= Gordon S. Watkins =

American educator and author

Gordon Samuel Watkins (March 9, 1889 – May 5, 1970) was an educator, author, and leading figure in the field of labor economics during the early to mid-twentieth century. Watkins also served from 1949 to 1956 as the first provost of the University of California, Riverside.

==Biography==
===Early life and education===

Watkins was born March 9, 1889, in Brynmawr, Wales, to a poor Welsh coal miner. In 1906, he emigrated to the United States and attended Fargo College Academy in Fargo, North Dakota, and Wheaton College Academy in Wheaton, Illinois. He received his A.B. from the University of Montana in 1914, his M.A. from the University of Illinois in 1915, and his Ph.D. in economics from the University of Pennsylvania in 1918.

===Professional life===

Nowhere in American higher education at the present time is there any man who more fruitfully unites broad and searching educational vision with a precise sense of the procedures necessary to the fulfillment of that vision. Under Provost Watkins' leadership I do not doubt for a moment that we shall achieve at UCR a college that will become as noted for its moral development of character as for its intellectual eminence.
— Robert Nisbet (1953)

In 1925, Watkins joined the faculty at the University of California, Los Angeles as a professor of economics and went on to serve as the dean of the College of Letters and Science from 1936 to 1946. UC President Robert Gordon Sproul named Watkins as the first provost of the proposed campus at Riverside in 1949 and tasked him with establishing the new campus. The University of California, Riverside opened in February 1954 as a result of Watkins's successful efforts to not only integrate the new campus with the pre-existing Citrus Experiment Station but to also gain widespread local public acceptance of the initiative. Watkins retired from UC Riverside in 1956 and went on to serve as the acting dean of the new School of Education at the University of California, Santa Barbara in 1961–1962, and dean 1962–1965.

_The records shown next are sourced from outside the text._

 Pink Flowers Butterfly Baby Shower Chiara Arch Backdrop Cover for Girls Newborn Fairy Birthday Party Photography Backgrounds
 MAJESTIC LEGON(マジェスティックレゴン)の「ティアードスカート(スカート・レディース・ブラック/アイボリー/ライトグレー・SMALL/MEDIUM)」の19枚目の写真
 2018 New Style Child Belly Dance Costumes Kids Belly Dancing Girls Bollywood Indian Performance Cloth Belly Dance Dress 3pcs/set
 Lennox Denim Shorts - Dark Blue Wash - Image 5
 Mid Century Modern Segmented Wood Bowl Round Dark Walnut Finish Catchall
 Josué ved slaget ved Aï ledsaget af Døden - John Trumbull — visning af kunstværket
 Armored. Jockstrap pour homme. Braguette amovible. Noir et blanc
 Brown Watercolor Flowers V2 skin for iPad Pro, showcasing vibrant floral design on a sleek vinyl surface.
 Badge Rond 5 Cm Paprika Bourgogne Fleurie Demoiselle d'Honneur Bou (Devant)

In his memoirs, UC President Clark Kerr portrayed Watkins as a tragic figure who died a broken man. Kerr came to visit Watkins in Santa Barbara after Watkins's retirement and found that "this once cheerful and effervescent personality was mute and despondent." Watkins came very close to creating one of the finest liberal arts colleges in the United States at Riverside, but his dream of a liberal arts college was immediately overtaken by politics and circumstances beyond his control, and the Board of Regents soon decided to turn Riverside into a full-fledged research university.

In addition to his career as an educator, Watkins also served in varying capacities as an advisor and consultant. He was appointed by Presidents Franklin D. Roosevelt and Harry S. Truman as a member of fact-finding and labor arbitration boards, was a member of a federal mediation board panel, was an advisor to the Danish Committee on Public Monopolies, and counselor and director of the Building and Loan Institute of Los Angeles.

===Personal life===

Watkins met Anna Davis during his time at the University of Montana and the couple went on to get married.

===Death and legacy===

Gordon S. Watkins died on May 5, 1970, in Santa Barbara at the age of 81. UC Riverside's religious center was named Watkins House in his honor as was Watkins Hall which was named for him in 1966. The Watkins Oak was later planted beside Watkins 1000 to honor him as well and Watkins Drive runs past the Chancellor's residence on the outskirts of campus. The personal papers of Gordon Watkins and his wife Anna were donated to UC Riverside.

==Works==

- Labor Problems and Labor Administration in the United States During the World War. University of Illinois Studies in the Social Sciences, vol. 8, no. 4. Urbana, IL: University of Illinois, 1920.
- "Revolutionary Communism in the United States," American Political Science Review, vol. 14, no. 1 (Feb. 1920), pp. 14–33.
- An Introduction to the Study of Labor Problems. New York: Thomas Y. Crowell Co., 1922.
- The Background of Economics. With Merlin H. Hunter. New York: McGraw-Hill, 1923.
- The Management of Labor Relations. With Paul A. Dodd. New York: McGraw-Hill, 1938.
- Labor Problems. With Paul A. Dodd. New York: Thomas Y. Crowell Co., 1940.
- Labor in the American Economy. Philadelphia, 1951.